Easter is a good time to look up from the daily business of life – getting and spending – and think harder about what we’re doing and why we’re doing it. How grateful are we to those who make sacrifices for us, and how much of our effort goes into sacrificing for others?
For years, I’ve been proud to support Tearfund, a Christian overseas aid organisation. This year its meditations for Lent have focused on its report, They Shall Inherit the Earth: Christian attitudes to climate change.
Why should Christians be particularly concerned about climate change – or what someone in the report prefers to call “climate justice”?
One reason is that those who are and will be worst affected by climate change tend to be the poor – both those in relative poverty in our wealthy country and those in absolute poverty in less developed countries.
You don’t really understand Jesus and his teaching if you haven’t noticed his preoccupation with the poor.
But another reason is that Christians are called to be “stewards of the earth”.
Tim Healy, a lecturer at Alphacrucis College, says “our acceptance of the God-given mandate to care for the earth is an expression of obedience to Jesus’ command to ‘love our neighbours’ – not only those down the street but ‘down time’ as well.

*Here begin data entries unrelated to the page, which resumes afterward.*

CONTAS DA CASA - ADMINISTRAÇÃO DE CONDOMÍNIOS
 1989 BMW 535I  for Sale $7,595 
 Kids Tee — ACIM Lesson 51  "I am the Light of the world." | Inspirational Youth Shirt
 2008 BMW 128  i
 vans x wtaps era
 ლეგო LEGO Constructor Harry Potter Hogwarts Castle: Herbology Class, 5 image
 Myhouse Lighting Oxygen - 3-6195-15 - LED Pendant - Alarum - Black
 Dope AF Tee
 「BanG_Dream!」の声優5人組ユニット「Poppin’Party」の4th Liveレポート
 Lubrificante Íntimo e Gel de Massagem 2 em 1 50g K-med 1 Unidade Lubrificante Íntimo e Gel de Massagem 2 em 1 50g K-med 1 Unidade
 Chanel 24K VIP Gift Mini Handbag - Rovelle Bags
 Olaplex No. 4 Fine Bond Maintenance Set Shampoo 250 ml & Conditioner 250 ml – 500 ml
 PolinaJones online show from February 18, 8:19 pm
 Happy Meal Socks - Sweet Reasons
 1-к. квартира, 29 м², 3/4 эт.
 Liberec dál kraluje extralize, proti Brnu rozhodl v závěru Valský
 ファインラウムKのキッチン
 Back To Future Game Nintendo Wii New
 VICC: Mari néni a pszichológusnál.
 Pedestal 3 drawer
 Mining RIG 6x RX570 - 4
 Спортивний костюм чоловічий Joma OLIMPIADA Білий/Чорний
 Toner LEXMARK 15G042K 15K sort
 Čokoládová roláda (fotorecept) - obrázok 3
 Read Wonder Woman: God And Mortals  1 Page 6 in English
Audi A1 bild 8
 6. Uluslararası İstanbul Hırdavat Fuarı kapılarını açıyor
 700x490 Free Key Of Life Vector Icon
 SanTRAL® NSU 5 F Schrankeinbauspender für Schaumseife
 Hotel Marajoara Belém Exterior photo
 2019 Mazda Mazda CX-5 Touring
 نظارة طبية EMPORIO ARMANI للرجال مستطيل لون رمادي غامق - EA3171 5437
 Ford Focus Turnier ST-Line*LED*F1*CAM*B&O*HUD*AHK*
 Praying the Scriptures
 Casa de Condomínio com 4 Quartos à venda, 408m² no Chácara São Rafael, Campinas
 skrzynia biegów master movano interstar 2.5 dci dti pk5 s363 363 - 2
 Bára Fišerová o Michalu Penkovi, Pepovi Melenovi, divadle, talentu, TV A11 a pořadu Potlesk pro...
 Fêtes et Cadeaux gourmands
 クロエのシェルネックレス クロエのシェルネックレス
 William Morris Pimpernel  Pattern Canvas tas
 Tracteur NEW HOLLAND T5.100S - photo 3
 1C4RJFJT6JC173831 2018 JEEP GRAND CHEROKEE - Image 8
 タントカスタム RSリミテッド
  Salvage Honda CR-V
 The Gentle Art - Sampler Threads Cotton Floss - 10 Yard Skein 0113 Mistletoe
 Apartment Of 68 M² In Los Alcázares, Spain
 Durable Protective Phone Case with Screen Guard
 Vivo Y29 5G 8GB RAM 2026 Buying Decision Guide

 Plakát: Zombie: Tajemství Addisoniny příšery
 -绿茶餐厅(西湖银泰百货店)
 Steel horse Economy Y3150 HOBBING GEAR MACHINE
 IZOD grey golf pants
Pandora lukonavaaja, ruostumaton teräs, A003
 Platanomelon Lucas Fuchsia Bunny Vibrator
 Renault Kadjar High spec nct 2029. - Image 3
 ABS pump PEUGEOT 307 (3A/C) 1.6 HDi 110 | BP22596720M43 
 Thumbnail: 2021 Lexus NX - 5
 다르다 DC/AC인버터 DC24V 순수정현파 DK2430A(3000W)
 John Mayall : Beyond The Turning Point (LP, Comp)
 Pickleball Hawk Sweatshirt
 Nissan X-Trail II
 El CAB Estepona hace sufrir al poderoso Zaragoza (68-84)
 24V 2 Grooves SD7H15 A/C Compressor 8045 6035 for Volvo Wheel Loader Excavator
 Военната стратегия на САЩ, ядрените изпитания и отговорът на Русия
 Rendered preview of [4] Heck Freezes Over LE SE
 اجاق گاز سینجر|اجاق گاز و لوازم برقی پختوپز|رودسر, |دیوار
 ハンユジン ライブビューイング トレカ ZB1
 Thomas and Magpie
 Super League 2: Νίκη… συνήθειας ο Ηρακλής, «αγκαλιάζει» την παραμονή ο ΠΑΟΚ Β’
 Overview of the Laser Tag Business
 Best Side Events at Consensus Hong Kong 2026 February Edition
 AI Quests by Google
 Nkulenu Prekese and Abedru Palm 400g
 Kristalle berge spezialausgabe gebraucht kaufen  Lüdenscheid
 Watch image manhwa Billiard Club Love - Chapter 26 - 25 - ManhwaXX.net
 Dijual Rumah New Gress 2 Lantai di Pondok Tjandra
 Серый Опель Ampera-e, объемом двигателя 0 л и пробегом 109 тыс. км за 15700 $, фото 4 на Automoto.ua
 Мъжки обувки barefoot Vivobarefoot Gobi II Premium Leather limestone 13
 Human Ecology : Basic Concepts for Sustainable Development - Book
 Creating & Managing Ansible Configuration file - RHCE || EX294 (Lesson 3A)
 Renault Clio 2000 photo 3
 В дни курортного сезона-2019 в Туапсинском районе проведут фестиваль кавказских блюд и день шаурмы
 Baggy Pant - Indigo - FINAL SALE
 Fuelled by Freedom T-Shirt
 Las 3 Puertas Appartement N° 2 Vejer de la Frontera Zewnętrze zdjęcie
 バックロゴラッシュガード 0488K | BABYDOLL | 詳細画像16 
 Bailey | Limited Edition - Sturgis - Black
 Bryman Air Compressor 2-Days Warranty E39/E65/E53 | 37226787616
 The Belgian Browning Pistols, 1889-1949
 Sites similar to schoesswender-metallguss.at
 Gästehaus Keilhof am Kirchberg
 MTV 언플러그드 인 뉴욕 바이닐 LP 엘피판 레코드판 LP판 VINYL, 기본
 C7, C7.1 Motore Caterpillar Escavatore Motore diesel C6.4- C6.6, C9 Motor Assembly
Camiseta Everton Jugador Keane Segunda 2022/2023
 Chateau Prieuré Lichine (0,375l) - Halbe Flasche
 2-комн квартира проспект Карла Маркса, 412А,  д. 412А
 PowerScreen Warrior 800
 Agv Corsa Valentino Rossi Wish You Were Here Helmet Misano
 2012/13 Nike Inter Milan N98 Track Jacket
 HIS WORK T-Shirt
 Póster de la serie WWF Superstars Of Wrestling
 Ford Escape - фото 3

“It’s those who live in the years beyond our own who stand to benefit the most from our faithful and responsible stewardship,” he says.
Susy Lee, an author, says she prefers the term “climate justice” because “the people most likely to be causing [climate change] are not the people most likely to suffer from it.
“The Kingdom of God has a lot to say about justice. God created the world and asked us to look after it justly.”
The report recounts the experience of Hattie Steenholdt, who was on a Scripture Union beach mission trip when bushfires raged through Mallacoota in the early hours of New Year’s Eve in 2019, and stayed around to help.
“We’re called to be stewards of the earth, and yet we live in a time and a society that puts the self first . . . so it is countercultural to go ‘hey, this is something big that’s going on and we’re all playing a part in it’.”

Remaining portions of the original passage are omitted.